The vocational heavy equipment program at the medium-security Buena Vista Correctional Facility features classroom studies and behind-the-wheel training. Inmates obtain the skills to run front-end loaders, dump trucks, bulldozers and other pieces of heavy equipment.
``I found out we can place 100 percent of our students -- the field is wide-open,'' instructor Tom Bowen said. ``I think that will really help reduce the recidivism rate.''
``These guys can begin to pay taxes instead of using them,'' Bowen said.
The best part of the program is that it does not use tax dollars. Salaries for Bowen and program manager Pete Stone, plus all supplies and other costs are paid for by program profits.
So far inmates have rebuilt roads at Tomahawk Wildife Area in South Park, re-created fish habitat at Spinney Reservoir, bladed and rebuilt forest service roads, maintained campgrounds for the Arkansas Headwaters Recreation area and revamped the Department of Corrections firing range in Canon City.
Since the program started 18 months ago, eight inmates have participated.

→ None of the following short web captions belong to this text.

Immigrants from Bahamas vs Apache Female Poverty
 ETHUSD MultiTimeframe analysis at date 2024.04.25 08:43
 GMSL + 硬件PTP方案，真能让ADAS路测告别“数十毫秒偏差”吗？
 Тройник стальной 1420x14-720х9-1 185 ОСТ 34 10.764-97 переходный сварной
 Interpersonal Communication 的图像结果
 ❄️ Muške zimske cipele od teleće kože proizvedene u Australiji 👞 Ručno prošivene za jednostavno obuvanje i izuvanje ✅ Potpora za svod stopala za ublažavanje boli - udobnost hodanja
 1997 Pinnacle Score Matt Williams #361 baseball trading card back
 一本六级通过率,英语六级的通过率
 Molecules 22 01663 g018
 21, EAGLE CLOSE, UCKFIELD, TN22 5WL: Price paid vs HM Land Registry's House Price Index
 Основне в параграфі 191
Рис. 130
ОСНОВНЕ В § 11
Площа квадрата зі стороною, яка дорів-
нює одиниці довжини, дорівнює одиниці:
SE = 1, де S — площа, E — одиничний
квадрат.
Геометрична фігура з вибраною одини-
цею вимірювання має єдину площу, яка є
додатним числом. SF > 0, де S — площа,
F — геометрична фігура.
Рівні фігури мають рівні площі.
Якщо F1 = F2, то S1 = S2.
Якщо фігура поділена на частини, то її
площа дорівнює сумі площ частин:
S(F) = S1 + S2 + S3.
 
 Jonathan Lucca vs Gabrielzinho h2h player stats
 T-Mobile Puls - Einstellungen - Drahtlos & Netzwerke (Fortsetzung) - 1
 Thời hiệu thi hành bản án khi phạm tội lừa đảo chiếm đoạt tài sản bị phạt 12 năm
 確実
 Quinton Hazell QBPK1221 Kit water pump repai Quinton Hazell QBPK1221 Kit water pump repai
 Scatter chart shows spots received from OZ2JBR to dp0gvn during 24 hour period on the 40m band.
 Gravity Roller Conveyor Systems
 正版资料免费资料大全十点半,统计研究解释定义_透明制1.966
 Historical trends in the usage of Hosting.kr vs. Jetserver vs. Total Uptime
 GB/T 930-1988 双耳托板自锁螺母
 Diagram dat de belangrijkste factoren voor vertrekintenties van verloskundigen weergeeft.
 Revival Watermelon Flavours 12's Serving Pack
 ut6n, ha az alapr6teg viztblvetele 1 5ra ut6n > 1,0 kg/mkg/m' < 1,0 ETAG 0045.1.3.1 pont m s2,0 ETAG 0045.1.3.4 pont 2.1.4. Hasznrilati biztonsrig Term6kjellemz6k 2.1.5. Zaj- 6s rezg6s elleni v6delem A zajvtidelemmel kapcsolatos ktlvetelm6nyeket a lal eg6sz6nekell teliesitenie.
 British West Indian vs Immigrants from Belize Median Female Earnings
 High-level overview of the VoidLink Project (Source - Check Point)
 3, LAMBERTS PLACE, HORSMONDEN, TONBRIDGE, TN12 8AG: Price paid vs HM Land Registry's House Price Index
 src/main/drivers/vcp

This week, three of those inmates will move on to minimum-security prisons or community corrections, one step closer to jobs paying $15-$16 an hour.
Part of the reason the inmates are so employable is because they know how to operate six or seven pieces of equipment, while the average construction worker knows about three.
The road to heavy equipment certification through the Association of General Contractors of America is not an easy one for the inmates.
To qualify, inmates must have a minimum-security classification, a high school diploma or GED and display their best behavior without reprimands for at least three months.
Bowen said it is such a sought-after program that inmates from other prisons are applying, he said.
Once accepted, inmates are handed two huge three-ring binders filled with learning materials and tests. Classroom work is intense -- running eight hours a day -- and requiring computer literacy.
``It's really discouraging at first, I had not been in a classroom for 20 years,'' said inmate Louis Lopez, 39. ``There was a lot of prayer involved.''
Then on-the-job training is even more intense and inmates work 10 hours a day in the field.
Inmate Matthew Gorman, 22, already has received a couple of job offers in the construction field.
``I felt if I could learn something here, I could stay out of trouble,'' he said.